Now I know his style I can hear who plays what on the new album and it seems Danny plays the most solos. The coolest Christian solo was on Azagthoth, that was great. He also does a melody type thing on the outro of Cephalopods which is beautiful.


----------



## Necropitated (May 11, 2018)

ArtHam said:


> Wow....hopefully I can do that someday. I only had some Skype lessons with Christian and Danny. Though that was cool too. It's funny how that came about because anytime I asked Christian about a part I loved he'd say: oh that wasn't me, that was Danny. And I'd never heard of him before. I was a bit skeptical when Christian said Danny is the best player he has ever heard, maybe he was just being nice. But then I saw Danny play the Hail Satan solo in one of the lessons and pretty much wanted to quit. He also did some Holdsworth stuff and showed me Spawn of Possession and gypsy jazz style things. Asked him to listen to something by Beyond Creation I wanted to learn and he listened maybe 2 times and just took his guitar and played it. Don't know how. I've been trying to schedule lessons with him again but his schedule seems to be full. Bummer. Though at least he still replies when I write him and ask something.
> 
> Now I know his style I can hear who plays what on the new album and it seems Danny plays the most solos. The coolest Christian solo was on Azagthoth, that was great. He also does a melody type thing on the outro of Cephalopods which is beautiful.



Danny has perfect pitch, that's one of the reasons he's so quick at it, apart from being a great guitar player. He's really nice. One day he just wrote to me because he got an axe fx and we just chatted about that. Sent me a nice impulse response from Devin Townsend that's still my favorite ever since I stopped playing an axe fx.


----------



## ArtHam (May 11, 2018)

I loved reading that.

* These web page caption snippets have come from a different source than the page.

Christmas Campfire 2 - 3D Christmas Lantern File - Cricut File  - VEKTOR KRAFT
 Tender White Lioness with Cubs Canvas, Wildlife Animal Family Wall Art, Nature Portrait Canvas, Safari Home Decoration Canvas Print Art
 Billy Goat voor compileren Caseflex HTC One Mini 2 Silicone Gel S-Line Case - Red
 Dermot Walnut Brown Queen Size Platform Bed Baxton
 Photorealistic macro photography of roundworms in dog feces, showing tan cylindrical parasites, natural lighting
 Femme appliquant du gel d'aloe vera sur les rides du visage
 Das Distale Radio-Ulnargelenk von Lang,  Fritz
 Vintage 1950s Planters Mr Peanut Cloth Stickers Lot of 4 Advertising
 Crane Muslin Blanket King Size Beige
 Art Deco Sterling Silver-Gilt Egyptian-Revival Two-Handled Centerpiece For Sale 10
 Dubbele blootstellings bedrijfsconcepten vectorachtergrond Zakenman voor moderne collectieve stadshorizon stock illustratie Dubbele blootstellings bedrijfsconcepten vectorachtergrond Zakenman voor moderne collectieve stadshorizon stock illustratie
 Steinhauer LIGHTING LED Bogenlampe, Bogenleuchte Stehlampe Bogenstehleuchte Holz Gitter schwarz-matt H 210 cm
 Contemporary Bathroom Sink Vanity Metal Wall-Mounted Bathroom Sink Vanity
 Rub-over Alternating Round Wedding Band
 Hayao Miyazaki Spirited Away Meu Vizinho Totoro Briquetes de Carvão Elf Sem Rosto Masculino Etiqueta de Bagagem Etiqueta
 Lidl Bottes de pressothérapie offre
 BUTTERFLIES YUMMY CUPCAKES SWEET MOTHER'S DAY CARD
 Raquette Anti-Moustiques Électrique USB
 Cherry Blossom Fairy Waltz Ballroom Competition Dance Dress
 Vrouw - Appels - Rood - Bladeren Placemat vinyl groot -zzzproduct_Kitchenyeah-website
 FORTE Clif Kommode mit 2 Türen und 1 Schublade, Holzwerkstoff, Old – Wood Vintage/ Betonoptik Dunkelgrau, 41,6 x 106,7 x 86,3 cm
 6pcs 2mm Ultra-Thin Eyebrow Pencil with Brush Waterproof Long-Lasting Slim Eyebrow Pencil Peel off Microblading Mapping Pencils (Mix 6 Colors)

It somehow always makes a band even cooler when you find out the people in it are also cool people.

On the other hand I've now listened to the album 4 more times and will continue to for a long time I'm sure. What an amazing, stunning, diverse piece of art this is. All the small issues I had with the Malkuth Grimoire (production, too many songs and some don't work as well as others) are gone. Even the songs I didn't like as much namely Azagthoth and the middle part for Chaos Theory and Practice work so well in this running order. This album for me makes the case that the album format is not dead by a long shot. And it's been a long time since I thought that.


----------



## ArtHam (May 14, 2018)

Listened to the album all weekend except when I listen to the new Ihsahn which I don't like a lot so far and again all day today. It's safe to say Rivers of Nihil, my previous favorite album so far this year has been relegated to second place. Honestly not even afraid I'm hyping this up too much. It's a game changer for me. Even if something else comes along this year that I'll end up liking more personally I'm sure nothing will come along that's this unique, fresh and groundbreaking.


----------



## takotakumi (May 17, 2018)

Full Stream by season of mist as of now


----------



## takotakumi (May 17, 2018)

I was able to listen to album a couple of days ago and yes mt AOTY prediction still holds haha
Quick thoughts:
As a whole I slightly prefer Malkuth Grimoire and I feel it's more "complete" in the sense
that it feels slightly more diverse having morean songs, hannes songs, Chris songs, and something in between.
To me personally, this new album is phenomenal but I missed the lack of Muenzer style songs. His solos are out of this world though.

Having said that, as of now I believe Rise of the Cephalopods is my new favorite Alkaloid and Hannes song ever.
It's 19 minutes long but every part is perfect and I do not get bored. Pristine and ominous cleans, signature agrresive Hannes tech riffs,
hard grooves, perfect transitions, favorite morean lyrics, and my favorite solos as well (ignoring my favorite intro azagthoth solo").
For those who are curios, this is funeral for a continent part 2, as it follows what happens after the ice melts.
After this song, my favorites are Azagthoth and the dyson spheres.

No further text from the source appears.